(Image-caption web data)
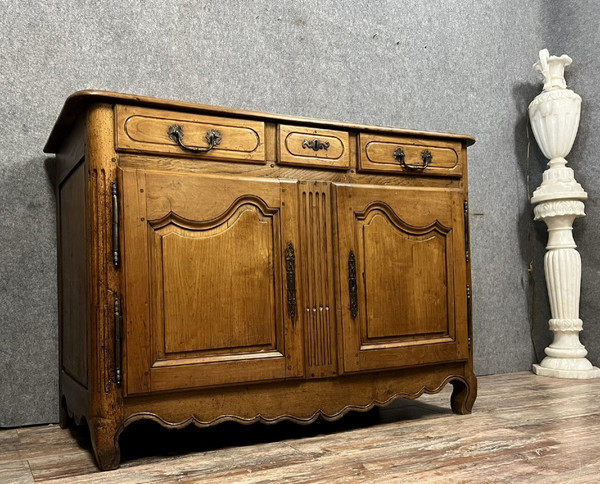 Buffet / Truhe Louis XV Epoche aus massivem Nussbaum um 1750
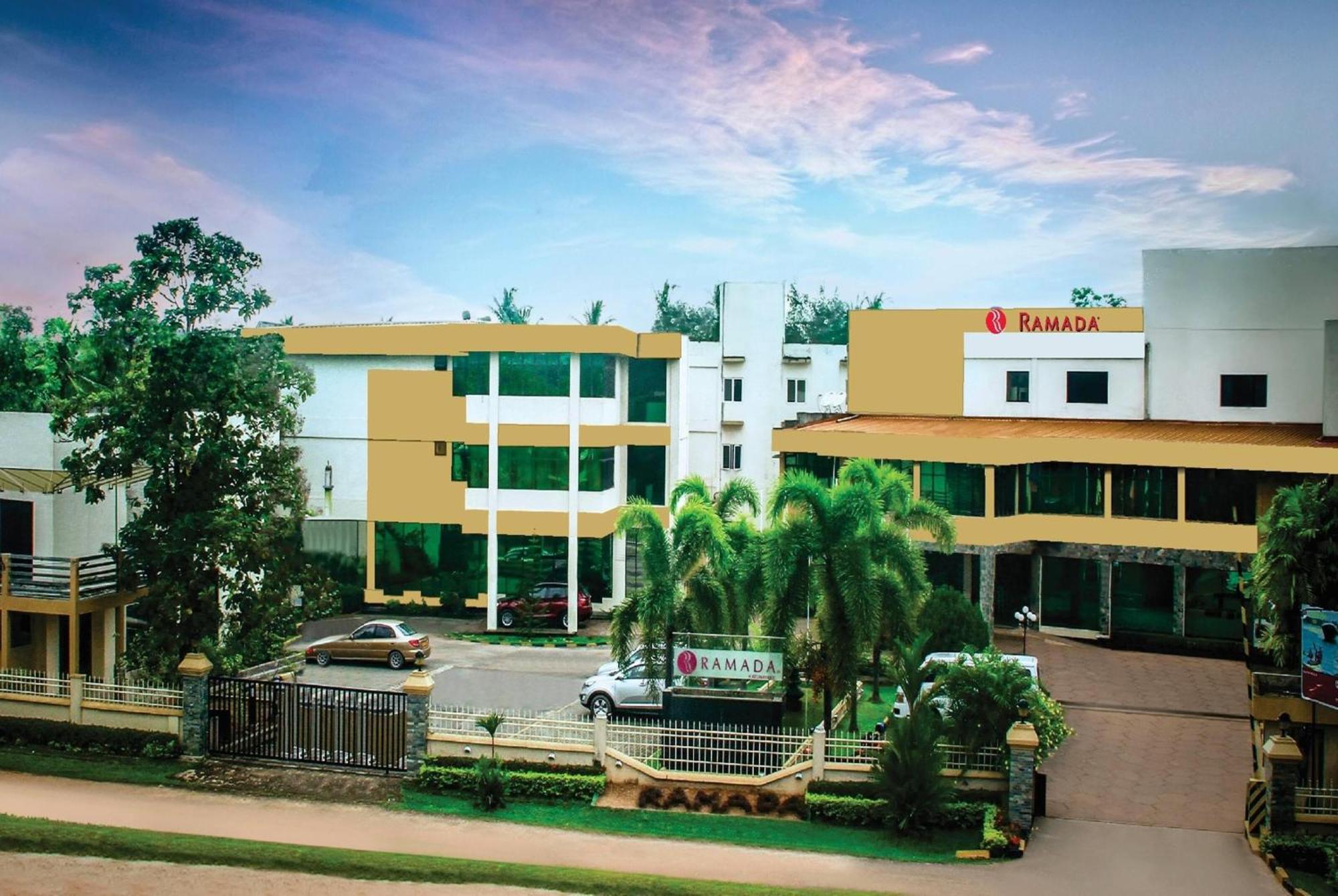 Ramada Katunayaka Esterno foto
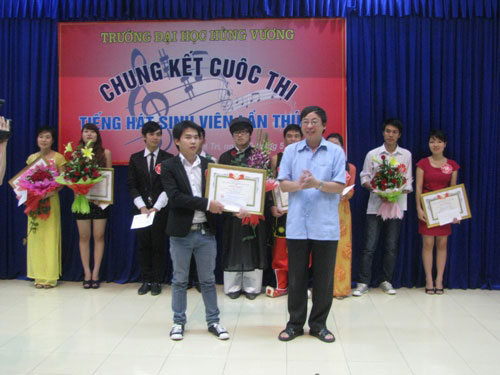 An tuong chung ket cuoc thi Tieng hat sinh vien 2013 tai co so Viet Tri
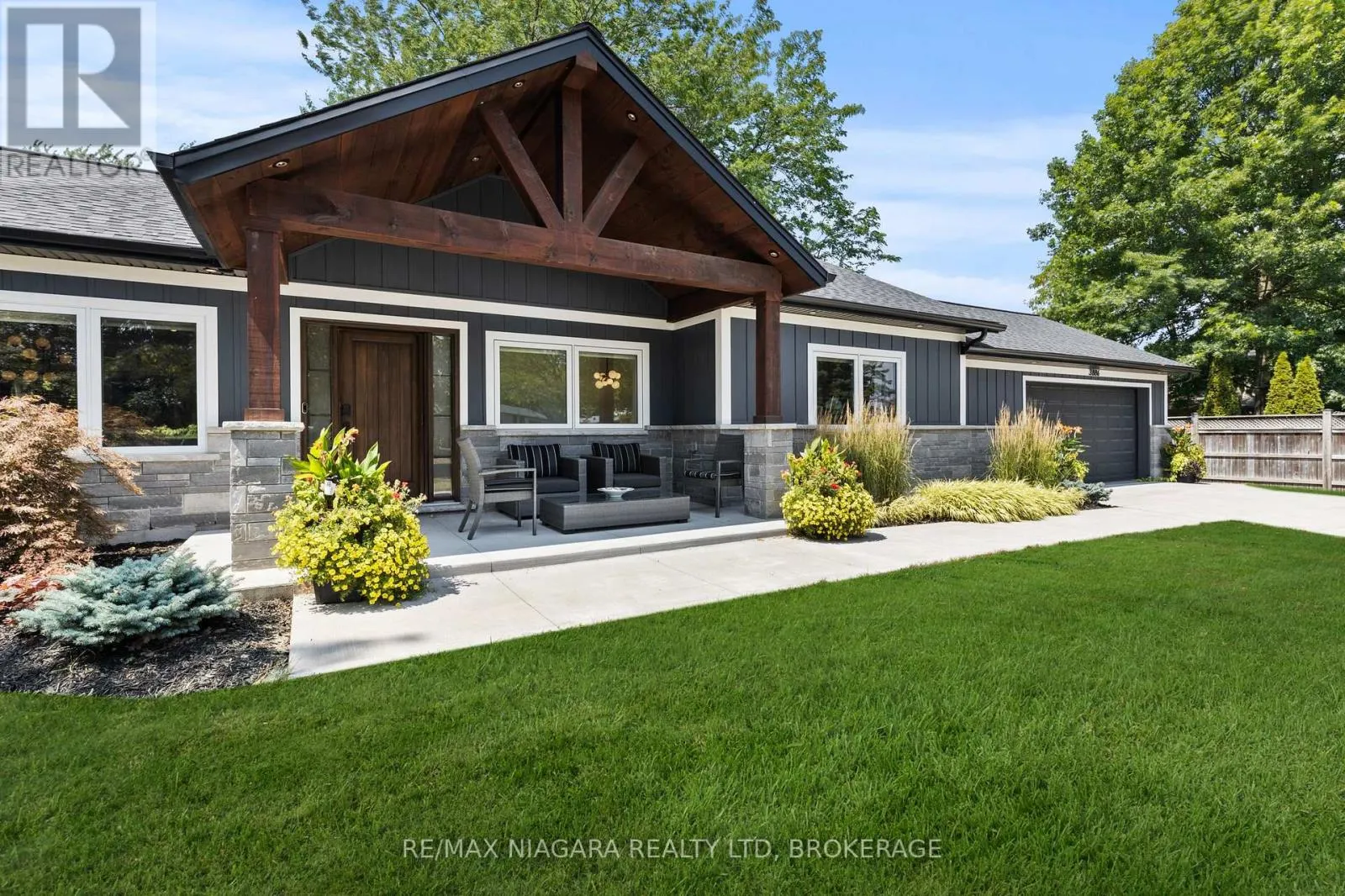 3886 GLENVIEW DRIVE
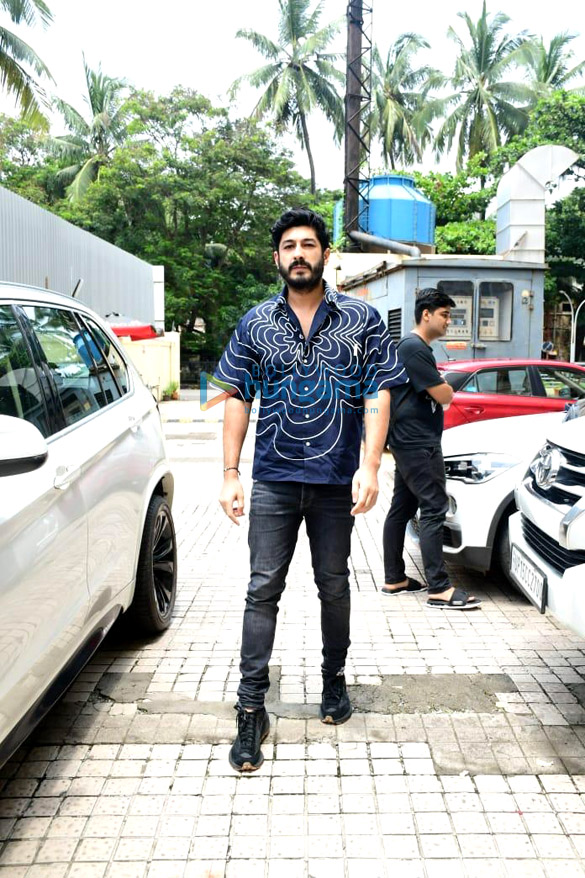 photos saif ali khan kareena kapoor khan varun dhawan arjun kapoor and others snapped attending a screening of brahmastra part one shiva at pvr juhu 5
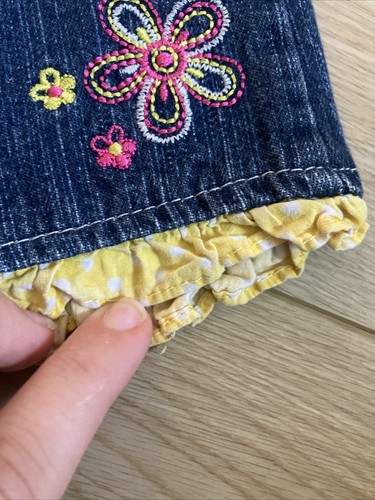 Vtg Baby girls 24 Months Denim Capri Pedal Pushers Embroidered Yellow polka dots - Picture 3 of 10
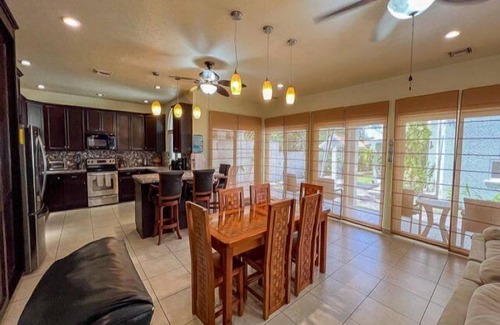 Flores Magon Condo | Ocean and Beachfront, 15 Minutes to Downtown Cozumel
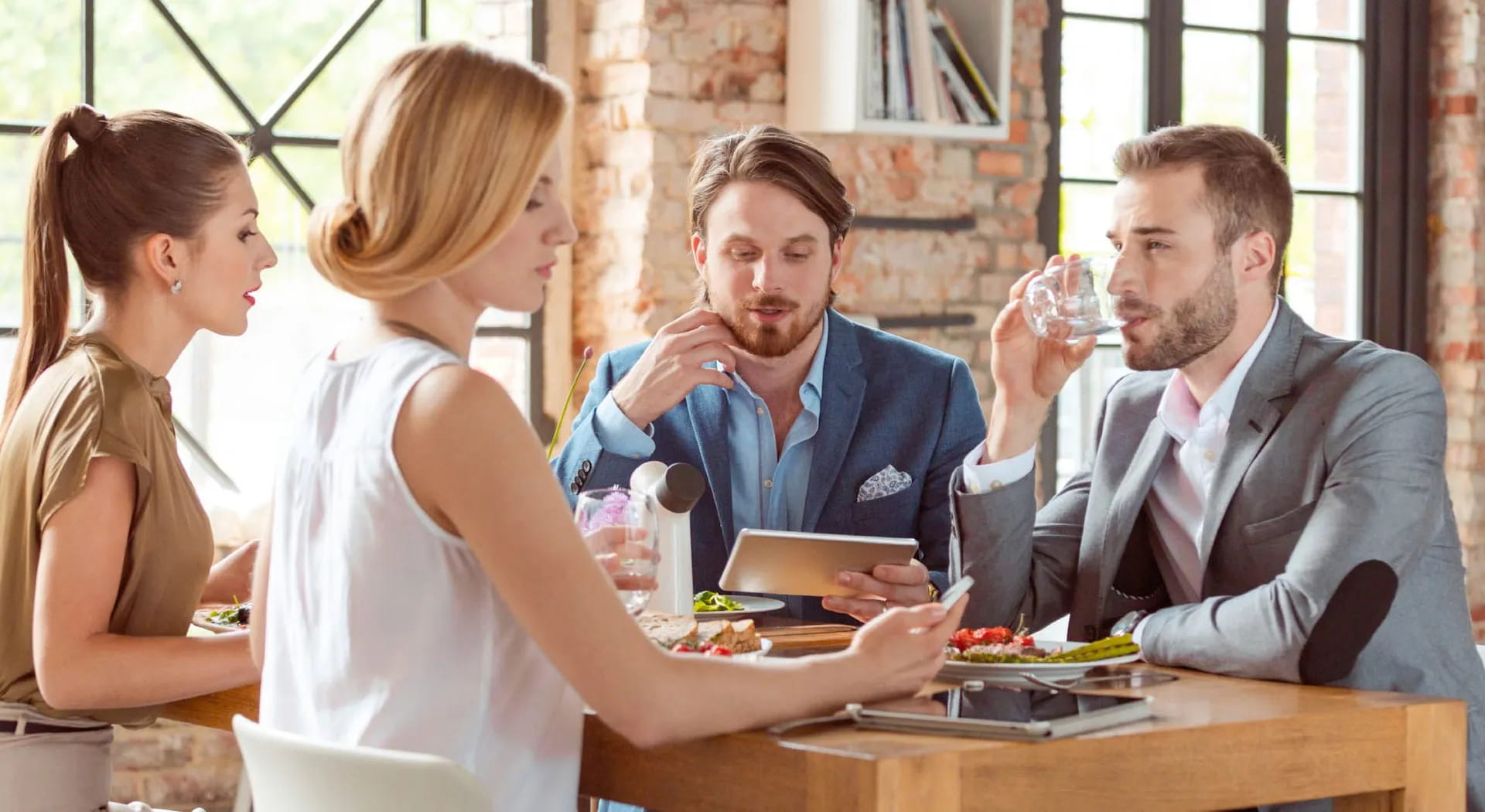 5 gesti che renderanno la tua pausa pranzo migliore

■ Task instructions ■
Now write out the data word for word, skipping every picture in it.

■ Answer ■
 Buffet / Truhe Louis XV Epoche aus massivem Nussbaum um 1750
 Ramada Katunayaka Esterno foto
 An tuong chung ket cuoc thi Tieng hat sinh vien 2013 tai co so Viet Tri
 3886 GLENVIEW DRIVE
 photos saif ali khan kareena kapoor khan varun dhawan arjun kapoor and others snapped attending a screening of brahmastra part one shiva at pvr juhu 5
 Vtg Baby girls 24 Months Denim Capri Pedal Pushers Embroidered Yellow polka dots - Picture 3 of 10
 Flores Magon Condo | Ocean and Beachfront, 15 Minutes to Downtown Cozumel
 5 gesti che renderanno la tua pausa pranzo migliore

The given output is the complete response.